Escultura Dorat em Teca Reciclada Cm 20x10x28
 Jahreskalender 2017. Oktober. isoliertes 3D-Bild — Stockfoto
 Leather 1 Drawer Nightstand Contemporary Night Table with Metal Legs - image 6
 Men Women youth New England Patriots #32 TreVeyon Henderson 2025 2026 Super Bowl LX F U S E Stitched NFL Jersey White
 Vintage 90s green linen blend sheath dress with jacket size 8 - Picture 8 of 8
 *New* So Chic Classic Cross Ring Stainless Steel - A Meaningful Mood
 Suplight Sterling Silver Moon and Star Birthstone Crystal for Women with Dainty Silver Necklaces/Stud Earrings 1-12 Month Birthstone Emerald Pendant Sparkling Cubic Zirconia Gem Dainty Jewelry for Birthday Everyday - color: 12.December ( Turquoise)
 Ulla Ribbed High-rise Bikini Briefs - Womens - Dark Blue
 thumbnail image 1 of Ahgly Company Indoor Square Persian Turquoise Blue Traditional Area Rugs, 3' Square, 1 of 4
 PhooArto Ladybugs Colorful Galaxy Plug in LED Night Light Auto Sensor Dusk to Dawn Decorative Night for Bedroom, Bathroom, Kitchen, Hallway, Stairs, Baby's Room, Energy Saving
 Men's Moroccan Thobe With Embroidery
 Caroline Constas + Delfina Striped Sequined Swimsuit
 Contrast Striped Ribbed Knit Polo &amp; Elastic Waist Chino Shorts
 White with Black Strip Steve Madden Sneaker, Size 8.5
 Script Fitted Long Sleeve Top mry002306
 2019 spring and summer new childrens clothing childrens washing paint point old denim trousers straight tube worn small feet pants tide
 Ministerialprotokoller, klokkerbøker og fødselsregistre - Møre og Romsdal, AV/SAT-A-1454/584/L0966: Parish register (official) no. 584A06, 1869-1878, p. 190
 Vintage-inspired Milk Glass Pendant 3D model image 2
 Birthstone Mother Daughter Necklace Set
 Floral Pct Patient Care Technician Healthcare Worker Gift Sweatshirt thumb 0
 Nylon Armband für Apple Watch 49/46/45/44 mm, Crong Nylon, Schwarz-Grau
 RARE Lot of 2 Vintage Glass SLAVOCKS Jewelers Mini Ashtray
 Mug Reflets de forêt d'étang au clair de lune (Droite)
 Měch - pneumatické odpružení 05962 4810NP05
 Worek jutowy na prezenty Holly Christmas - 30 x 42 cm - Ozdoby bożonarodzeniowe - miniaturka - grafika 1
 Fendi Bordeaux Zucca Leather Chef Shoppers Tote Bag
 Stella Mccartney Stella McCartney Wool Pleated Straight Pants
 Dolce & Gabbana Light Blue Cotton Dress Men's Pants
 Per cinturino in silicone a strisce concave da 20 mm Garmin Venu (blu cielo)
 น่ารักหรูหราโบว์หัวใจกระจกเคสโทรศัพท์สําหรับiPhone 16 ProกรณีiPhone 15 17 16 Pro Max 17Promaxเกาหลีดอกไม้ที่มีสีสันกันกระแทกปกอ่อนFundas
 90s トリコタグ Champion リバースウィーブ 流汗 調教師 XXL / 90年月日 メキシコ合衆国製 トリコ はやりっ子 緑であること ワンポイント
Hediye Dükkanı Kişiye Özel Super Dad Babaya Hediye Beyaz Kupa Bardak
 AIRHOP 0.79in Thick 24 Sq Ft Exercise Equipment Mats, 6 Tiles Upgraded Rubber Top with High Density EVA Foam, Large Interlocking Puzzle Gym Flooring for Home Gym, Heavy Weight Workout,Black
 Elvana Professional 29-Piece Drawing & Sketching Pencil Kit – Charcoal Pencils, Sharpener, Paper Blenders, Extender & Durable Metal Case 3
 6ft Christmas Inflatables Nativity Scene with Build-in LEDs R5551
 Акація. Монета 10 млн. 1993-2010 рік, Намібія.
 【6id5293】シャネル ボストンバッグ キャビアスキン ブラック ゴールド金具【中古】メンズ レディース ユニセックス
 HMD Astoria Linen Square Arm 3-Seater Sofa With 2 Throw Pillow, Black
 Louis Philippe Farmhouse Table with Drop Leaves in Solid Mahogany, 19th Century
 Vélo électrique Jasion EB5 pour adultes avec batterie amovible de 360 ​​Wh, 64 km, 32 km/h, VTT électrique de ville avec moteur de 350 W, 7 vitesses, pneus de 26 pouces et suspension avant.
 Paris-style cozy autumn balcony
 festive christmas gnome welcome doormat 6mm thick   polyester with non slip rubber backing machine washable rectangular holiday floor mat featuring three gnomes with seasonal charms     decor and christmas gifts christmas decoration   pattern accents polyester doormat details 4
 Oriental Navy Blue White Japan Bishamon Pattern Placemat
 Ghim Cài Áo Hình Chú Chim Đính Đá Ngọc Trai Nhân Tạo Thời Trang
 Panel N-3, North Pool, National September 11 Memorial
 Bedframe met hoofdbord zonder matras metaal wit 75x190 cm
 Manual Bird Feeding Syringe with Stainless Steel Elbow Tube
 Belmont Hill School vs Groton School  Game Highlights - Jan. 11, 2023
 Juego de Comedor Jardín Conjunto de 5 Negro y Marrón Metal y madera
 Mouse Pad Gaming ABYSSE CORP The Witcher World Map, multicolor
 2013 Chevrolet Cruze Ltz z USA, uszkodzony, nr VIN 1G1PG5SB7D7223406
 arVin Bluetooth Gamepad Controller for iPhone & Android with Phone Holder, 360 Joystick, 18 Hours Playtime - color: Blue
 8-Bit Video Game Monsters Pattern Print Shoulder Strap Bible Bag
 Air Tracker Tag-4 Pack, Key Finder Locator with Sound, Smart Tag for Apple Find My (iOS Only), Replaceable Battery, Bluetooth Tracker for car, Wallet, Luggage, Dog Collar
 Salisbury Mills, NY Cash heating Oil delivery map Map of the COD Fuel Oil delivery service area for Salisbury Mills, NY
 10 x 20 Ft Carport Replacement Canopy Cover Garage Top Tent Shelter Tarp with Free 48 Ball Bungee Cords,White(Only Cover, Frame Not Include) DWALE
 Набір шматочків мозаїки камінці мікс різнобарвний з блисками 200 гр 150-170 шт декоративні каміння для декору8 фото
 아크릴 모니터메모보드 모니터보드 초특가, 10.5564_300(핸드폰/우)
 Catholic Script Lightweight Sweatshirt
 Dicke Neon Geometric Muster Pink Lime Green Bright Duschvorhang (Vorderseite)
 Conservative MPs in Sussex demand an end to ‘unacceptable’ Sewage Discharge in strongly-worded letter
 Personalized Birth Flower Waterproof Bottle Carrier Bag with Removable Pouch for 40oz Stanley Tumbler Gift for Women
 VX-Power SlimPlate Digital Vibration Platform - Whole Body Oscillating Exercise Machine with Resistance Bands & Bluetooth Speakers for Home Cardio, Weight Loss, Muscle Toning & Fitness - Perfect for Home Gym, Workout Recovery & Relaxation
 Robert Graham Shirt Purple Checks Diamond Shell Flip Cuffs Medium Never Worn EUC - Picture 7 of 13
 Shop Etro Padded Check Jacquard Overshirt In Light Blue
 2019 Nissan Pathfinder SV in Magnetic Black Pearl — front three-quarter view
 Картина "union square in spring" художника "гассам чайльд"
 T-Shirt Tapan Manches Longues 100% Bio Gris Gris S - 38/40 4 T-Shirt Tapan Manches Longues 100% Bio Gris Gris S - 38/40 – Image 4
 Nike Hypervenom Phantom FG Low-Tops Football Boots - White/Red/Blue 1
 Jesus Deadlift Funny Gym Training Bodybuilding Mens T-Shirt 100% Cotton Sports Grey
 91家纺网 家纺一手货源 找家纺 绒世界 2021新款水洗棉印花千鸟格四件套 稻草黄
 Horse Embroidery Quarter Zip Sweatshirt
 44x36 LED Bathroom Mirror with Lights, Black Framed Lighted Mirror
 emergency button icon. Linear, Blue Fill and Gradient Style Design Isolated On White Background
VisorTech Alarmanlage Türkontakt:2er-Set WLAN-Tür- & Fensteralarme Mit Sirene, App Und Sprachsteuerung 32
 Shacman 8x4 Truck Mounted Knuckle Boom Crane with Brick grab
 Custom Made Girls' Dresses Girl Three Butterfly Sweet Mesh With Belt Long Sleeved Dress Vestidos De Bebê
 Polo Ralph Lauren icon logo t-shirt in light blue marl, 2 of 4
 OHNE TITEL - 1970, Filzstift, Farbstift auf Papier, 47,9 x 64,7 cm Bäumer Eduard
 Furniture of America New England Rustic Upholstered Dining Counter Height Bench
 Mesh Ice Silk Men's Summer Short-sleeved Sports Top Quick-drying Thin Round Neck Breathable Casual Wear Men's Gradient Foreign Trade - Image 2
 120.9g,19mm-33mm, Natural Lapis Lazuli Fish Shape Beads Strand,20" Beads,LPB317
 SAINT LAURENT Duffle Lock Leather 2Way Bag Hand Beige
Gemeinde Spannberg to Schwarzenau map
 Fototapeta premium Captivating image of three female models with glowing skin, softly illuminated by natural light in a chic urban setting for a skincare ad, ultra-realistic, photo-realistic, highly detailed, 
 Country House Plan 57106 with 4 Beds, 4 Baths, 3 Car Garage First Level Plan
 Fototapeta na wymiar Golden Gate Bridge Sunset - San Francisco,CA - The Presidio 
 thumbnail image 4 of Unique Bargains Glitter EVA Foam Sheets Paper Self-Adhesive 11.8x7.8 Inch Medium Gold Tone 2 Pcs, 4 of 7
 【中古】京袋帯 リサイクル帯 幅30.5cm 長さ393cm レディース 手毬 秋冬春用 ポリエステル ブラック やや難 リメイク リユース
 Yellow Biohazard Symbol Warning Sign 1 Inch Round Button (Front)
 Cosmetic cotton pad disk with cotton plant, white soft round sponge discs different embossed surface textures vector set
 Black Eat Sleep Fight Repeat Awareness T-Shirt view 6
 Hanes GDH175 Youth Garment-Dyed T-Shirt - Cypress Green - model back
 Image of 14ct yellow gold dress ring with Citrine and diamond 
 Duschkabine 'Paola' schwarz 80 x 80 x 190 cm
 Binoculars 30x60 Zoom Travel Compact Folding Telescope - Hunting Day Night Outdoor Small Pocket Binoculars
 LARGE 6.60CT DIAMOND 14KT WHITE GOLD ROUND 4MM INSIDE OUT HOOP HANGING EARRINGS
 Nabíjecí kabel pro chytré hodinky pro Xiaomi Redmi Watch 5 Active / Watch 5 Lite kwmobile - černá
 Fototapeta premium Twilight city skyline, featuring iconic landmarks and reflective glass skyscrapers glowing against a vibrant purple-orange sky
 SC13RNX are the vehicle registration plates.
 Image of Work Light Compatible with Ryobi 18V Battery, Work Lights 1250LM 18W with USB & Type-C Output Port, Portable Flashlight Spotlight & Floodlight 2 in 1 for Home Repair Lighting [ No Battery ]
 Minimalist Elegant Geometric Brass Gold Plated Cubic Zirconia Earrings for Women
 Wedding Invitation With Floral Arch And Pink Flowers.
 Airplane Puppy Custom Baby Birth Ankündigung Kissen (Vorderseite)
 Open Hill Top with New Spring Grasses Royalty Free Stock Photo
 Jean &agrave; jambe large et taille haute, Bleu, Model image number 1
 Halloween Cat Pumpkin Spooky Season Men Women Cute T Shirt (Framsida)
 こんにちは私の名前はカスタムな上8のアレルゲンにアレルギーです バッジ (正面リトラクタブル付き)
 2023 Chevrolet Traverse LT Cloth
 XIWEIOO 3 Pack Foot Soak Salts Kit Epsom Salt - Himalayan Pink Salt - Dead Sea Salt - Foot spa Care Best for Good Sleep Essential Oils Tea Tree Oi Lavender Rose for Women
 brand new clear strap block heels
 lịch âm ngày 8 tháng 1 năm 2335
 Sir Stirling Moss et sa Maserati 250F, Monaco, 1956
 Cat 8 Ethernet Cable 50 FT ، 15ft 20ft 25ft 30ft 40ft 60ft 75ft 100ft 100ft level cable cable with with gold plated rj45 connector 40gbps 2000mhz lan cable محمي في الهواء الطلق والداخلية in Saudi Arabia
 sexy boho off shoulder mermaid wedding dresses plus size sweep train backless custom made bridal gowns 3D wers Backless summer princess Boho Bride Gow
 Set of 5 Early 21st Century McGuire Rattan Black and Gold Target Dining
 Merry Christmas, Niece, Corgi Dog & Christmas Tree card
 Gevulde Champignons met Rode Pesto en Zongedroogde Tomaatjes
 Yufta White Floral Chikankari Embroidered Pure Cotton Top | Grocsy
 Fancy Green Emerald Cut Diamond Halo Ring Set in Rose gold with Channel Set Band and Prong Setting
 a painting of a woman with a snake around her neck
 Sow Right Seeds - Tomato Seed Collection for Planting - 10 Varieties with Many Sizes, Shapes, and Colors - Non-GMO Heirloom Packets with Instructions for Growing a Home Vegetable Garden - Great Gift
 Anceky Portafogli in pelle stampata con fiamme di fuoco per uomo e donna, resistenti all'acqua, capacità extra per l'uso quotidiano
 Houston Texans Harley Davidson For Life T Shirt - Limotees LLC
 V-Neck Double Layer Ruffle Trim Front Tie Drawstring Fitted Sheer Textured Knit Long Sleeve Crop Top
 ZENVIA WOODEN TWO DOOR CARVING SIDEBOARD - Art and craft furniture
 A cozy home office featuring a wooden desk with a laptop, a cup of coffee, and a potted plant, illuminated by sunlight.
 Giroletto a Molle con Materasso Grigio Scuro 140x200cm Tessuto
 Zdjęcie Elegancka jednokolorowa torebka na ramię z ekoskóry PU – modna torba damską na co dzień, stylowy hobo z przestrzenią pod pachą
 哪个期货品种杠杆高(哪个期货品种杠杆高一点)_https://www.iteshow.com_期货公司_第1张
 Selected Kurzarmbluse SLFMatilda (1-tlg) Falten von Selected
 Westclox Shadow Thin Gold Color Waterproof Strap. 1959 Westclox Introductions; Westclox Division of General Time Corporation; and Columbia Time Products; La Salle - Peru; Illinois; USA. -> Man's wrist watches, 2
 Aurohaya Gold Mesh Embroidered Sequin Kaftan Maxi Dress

::::::::::

**Task directions**: Return the span of lines in the data above that opens at the line with "Suplight Sterling Silver" and closes at the line with "Ulla Ribbed High-rise", exactly, ends included, nothing else.

**Written answer**:
 Suplight Sterling Silver Moon and Star Birthstone Crystal for Women with Dainty Silver Necklaces/Stud Earrings 1-12 Month Birthstone Emerald Pendant Sparkling Cubic Zirconia Gem Dainty Jewelry for Birthday Everyday - color: 12.December ( Turquoise)
 Ulla Ribbed High-rise Bikini Briefs - Womens - Dark Blue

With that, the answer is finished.